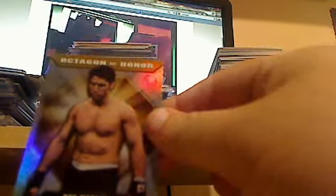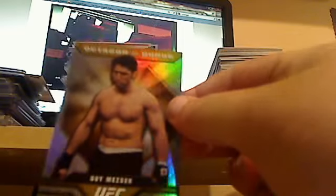Takenori Gomi, Pride and Glory, awesome looking card. He actually just got booked today to fight Mac, the Vegan Dancing, in the China card. Guy Mezger, don't really see a lot of him in products. Octagon of Honor.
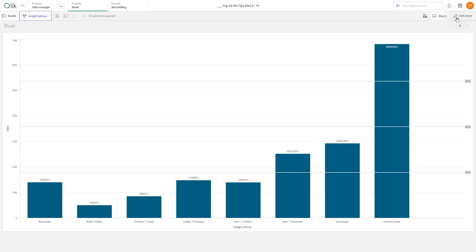And here you have the result. You've successfully created a bar chart with multiple reference lines.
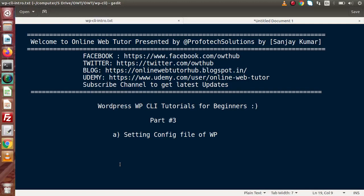Hello guys. Welcome to Online Web Tutor presented by Profit Textions team. I am Sanjay. We are learning WordPress WP-CLI tutorials. This is part number 3. Inside this video session we will see how we can set our configuration file for our WordPress setup.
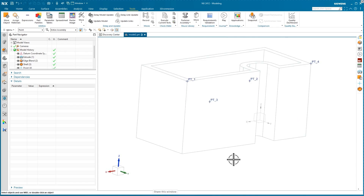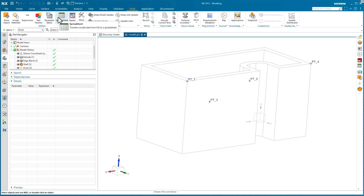That is the complete process: create points inside your parts, add an object name to those points — select multiple points to add index numbers automatically, or for a single point type the full name like 'pt_4' manually. Then go to Tools > Spreadsheet, open the spreadsheet program, and follow the process demonstrated to populate the XYZ coordinate columns for each of your points.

::::::::::

Without any pictures, please write out the lines from the one containing "Hello guys. Welcome" through the final line of the data, exactly and inclusive of both ends.

# EXERCISE ANSWER:
Hello guys. Welcome to Online Web Tutor presented by Profit Textions team. I am Sanjay. We are learning WordPress WP-CLI tutorials. This is part number 3. Inside this video session we will see how we can set our configuration file for our WordPress setup.
That is the complete process: create points inside your parts, add an object name to those points — select multiple points to add index numbers automatically, or for a single point type the full name like 'pt_4' manually. Then go to Tools > Spreadsheet, open the spreadsheet program, and follow the process demonstrated to populate the XYZ coordinate columns for each of your points.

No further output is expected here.